Mr g is a 2012 novel by Alan Lightman. The book was released on January 24, 2012, by Pantheon Books and the book is narrated by Mr g as he describes the process of creation.

==Synopsis==
Mr g features a fictional depiction of God as he forms Creation and tries to deal with his Aunt Penelope and Uncle Deva, who live in the Void. The book depicts God ("Mr g") as a being that is omnipotent but not omniscient, as the universe is created through "trial and error". Mr g is further bothered by his rival Belhor, who constantly challenges him to explain everything and to exempt humanity from rational laws.

==Themes==
The book features several themes, predominantly the concept of God as a powerful entity that is not all-knowing despite being capable of Creation.
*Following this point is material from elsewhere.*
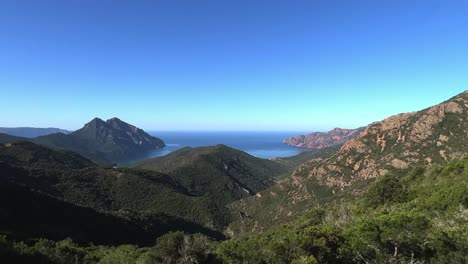 panoramic view of scandola unesco nature reserve in summer season, corsica island in france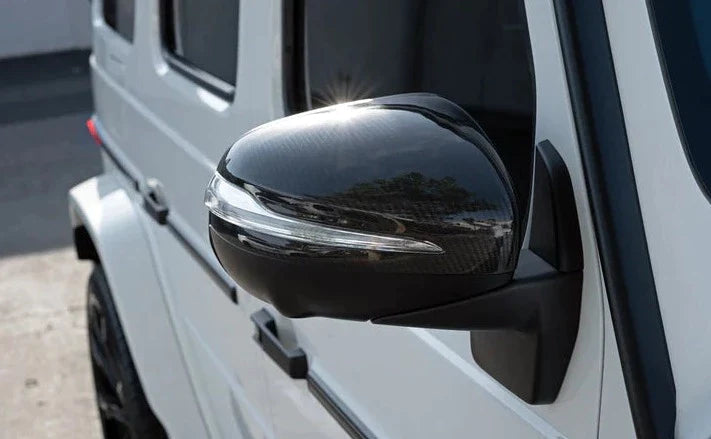A close up view of AUTOTECKNIC REPLACEMENT DRY CARBON MIRROR COVERS - MERCEDES-BENZ W167 GLE 2018+ fitted on a white car outside on the road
Lightman was inspired to write the book due to an interest in "the meeting ground of science, theology, and philosophy, especially the ethical questions at the border of science and theology".

==Reception==
Critical reception for Mr g has been mixed, with Toronto's The Star giving an ambivalent review for the book. Detractors of Mr g have cited that the book is overly light for its subject matter and lacked coherency, while critics that praised the novel cited it as "witty" and "imaginative".